Каюсь и винюсь перед светлой памятью Ивана Ефимовича, никогда он солдафоном не был. Но ложь моя, как говорится, была во спасение. К тому же Петров действительно никогда в разговорах со мной не касался каких-либо политических тем и тем более не высказывал никаких сомнений. Такую же напраслину я наговаривал и на умнейшего и доброжелательного ко мне редактора газеты «Фрунзенец», который часто беседовал со мной на литературные темы и главным образом давал советы как молодому, начинающему писателю. Но и он тоже никогда не вел со мной разговоров, в которых был бы какой-то подтекст.
В общем, я сделал все, чтобы не бросить тень на этих людей. И то, что оба остались на свободе в те очень опасные дни, служит лучшим подтверждением того, что я говорю правду.
Перед началом битвы за Кавказ я находился в лагере, на лесоповале, там, где, как в песенке поется, «шпалы кончились и рельсов нет», – в далеком Тавдинлаге.

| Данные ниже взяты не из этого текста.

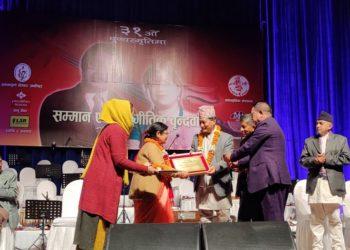 तीर्थकुमारी थापा र रत्न बेहोसीलाई ‘नारायण गोपाल स्मृति सम्मान’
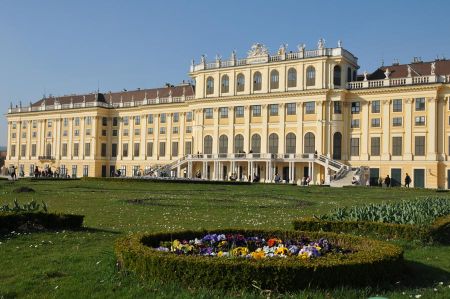 b_450_450_16777215_00_images_austria_vienna_wien-gloriette-03.jpg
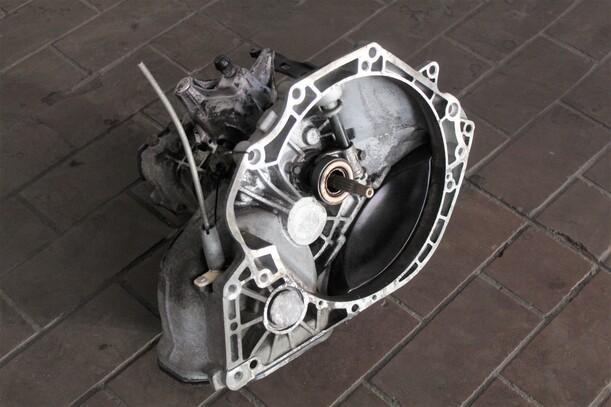 Foto: SCHALTGETRIEBE 5-GANG F13 eines Opel Corsa Sport
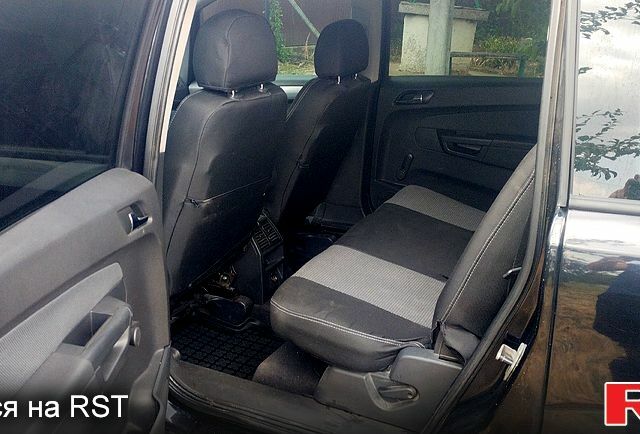 Черный Опель Зафира, объемом двигателя 1.9 л и пробегом 0 тыс. км за 6000 $, фото 4 на Automoto.ua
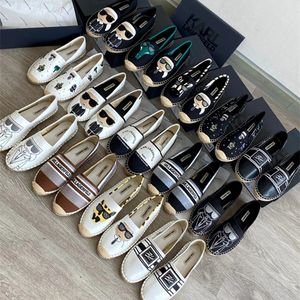 Dhgate Karl Lagerfield Kadın Tasarımcı Ayakkabı Balıkçı Espadrilles Elbise Ayakkabı Lüks Bayan Adam Nakış Terlikleri Kumaş Slayt Siyah Beyaz Tuval Günlük Koşu Ayakkabıları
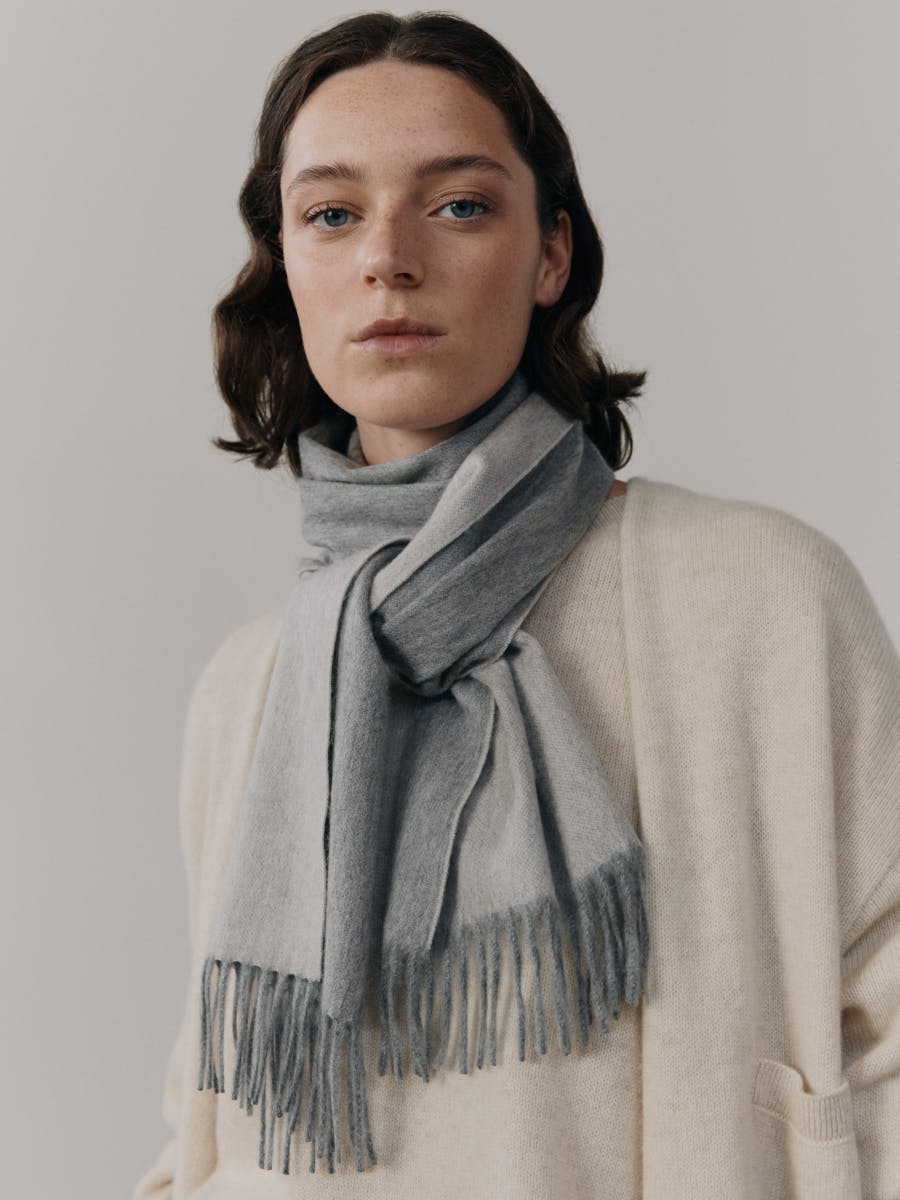 Arran Reversible Flannel Oyster Womens Cashmere Scarf | Begg x Co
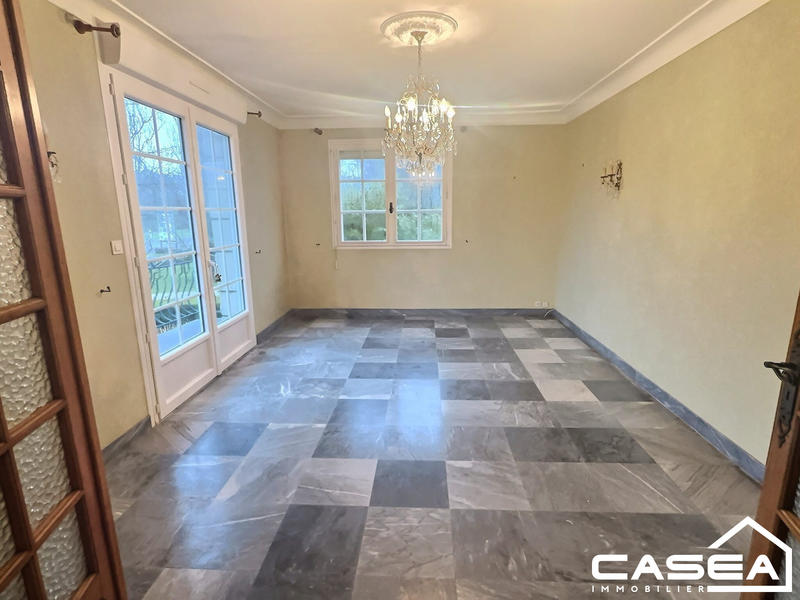 Maison - 120 m² - 7 pièces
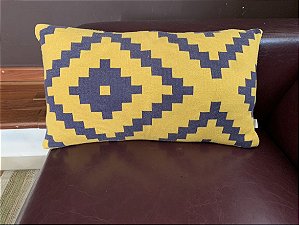 Almofada Rim Gringa em Tricot 50x30 - Tri.Co (Apartamento Decorado)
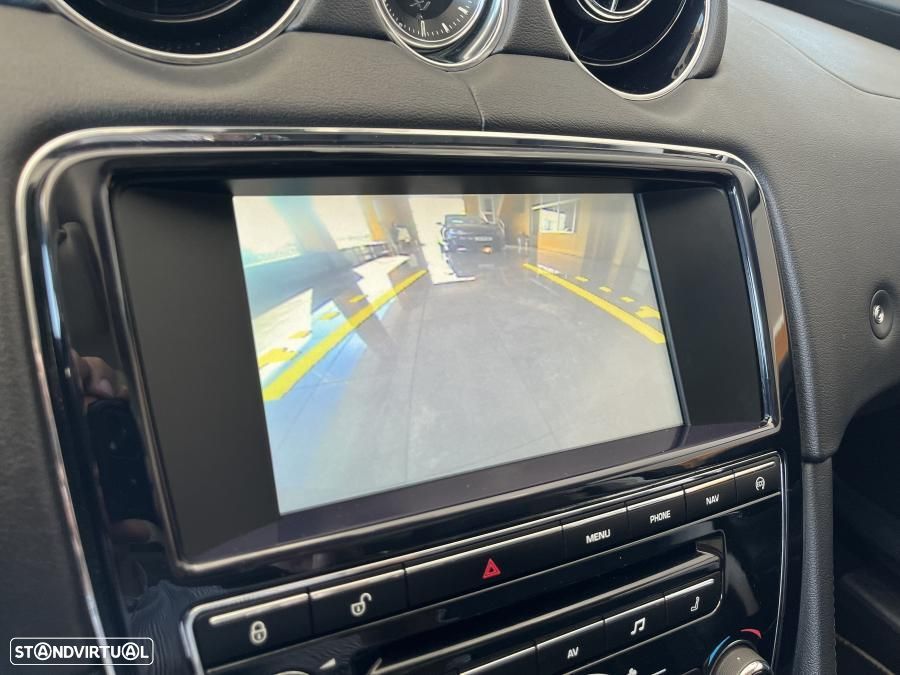 Jaguar XJ 3.0 D V6 Premium Luxury - 8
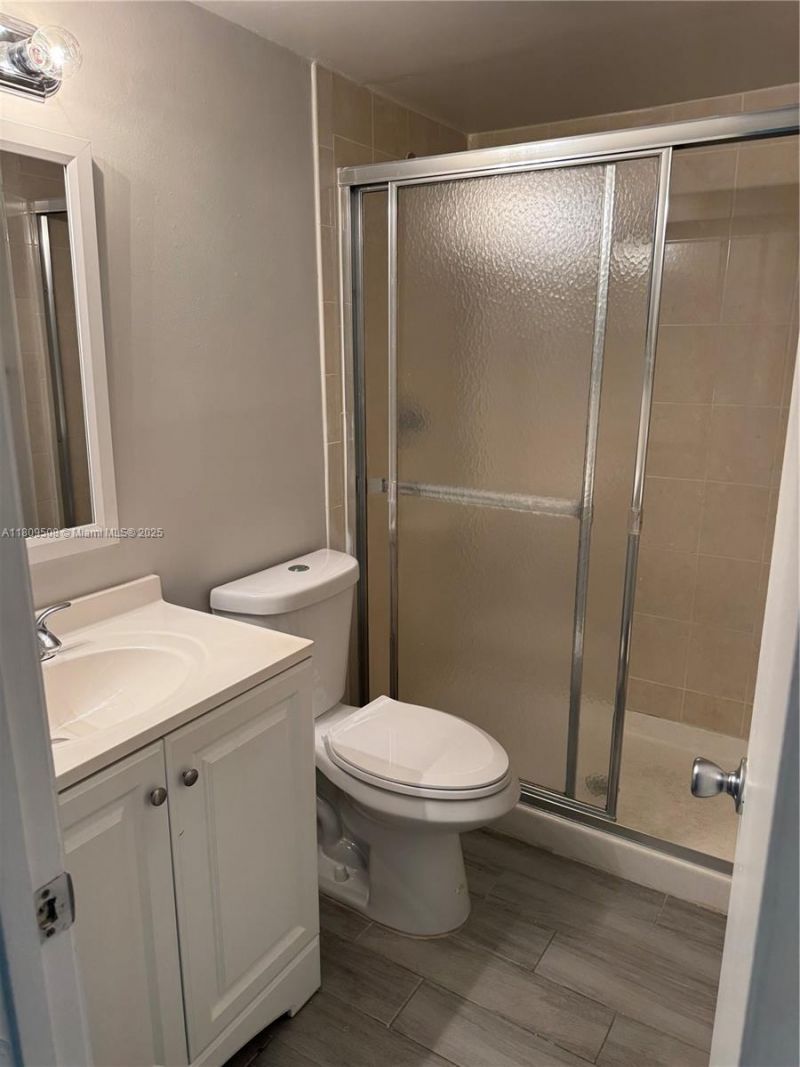 721 N Pine Island Rd, Unit 201, Plantation, FL 33324 Photo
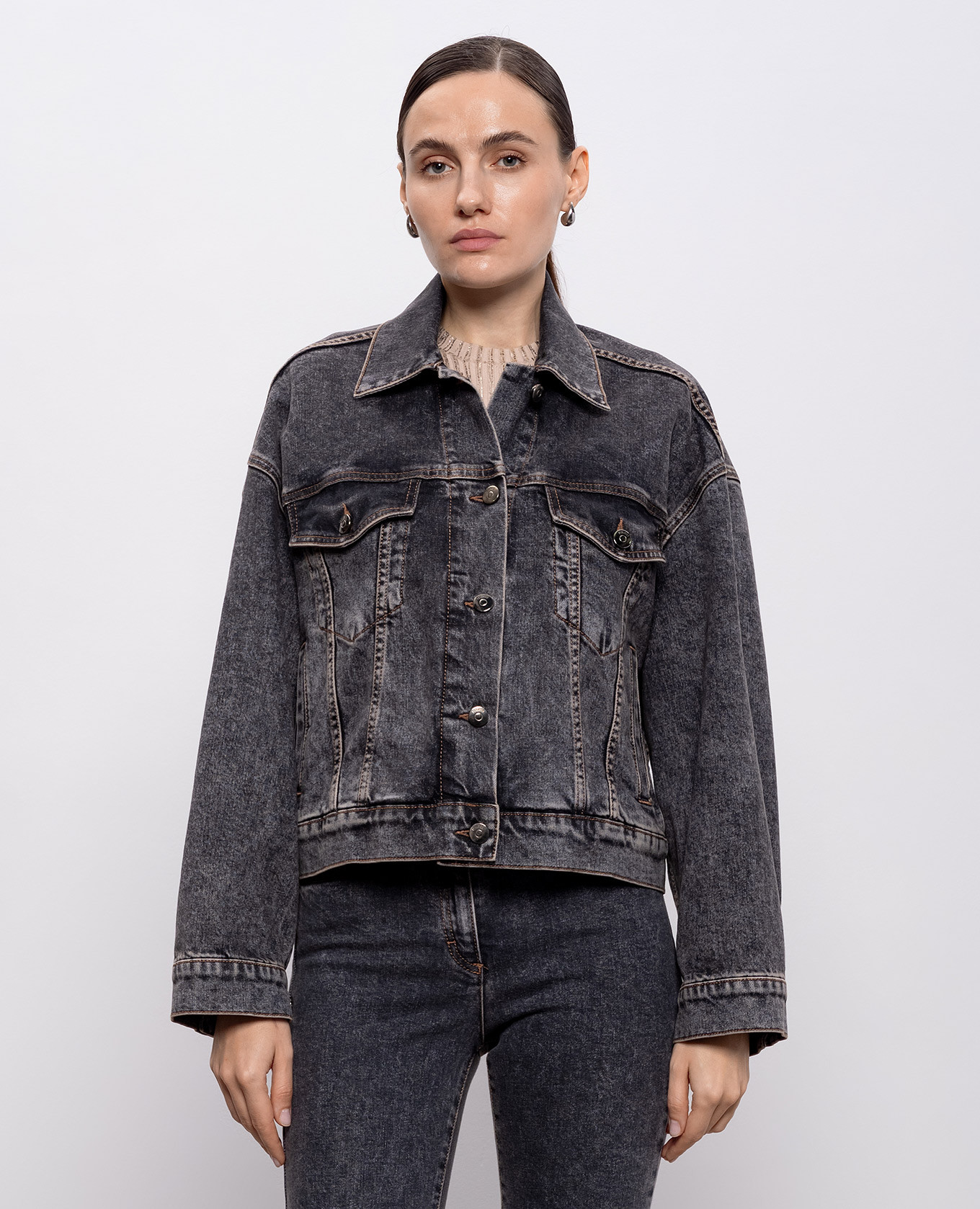 Grey distressed denim jacket Peserico 3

Я несколько раз писал письма в Верховный Совет Михаилу Ивановичу Калинину с просьбой отправить меня на фронт, в действующую армию. Я человек с хорошей военной подготовкой, писал я, дайте мне возможность бить врагов и доказать тем самым свою преданность родине. Ответа на эти письма я не получал, скорее всего они не доходили до адресата.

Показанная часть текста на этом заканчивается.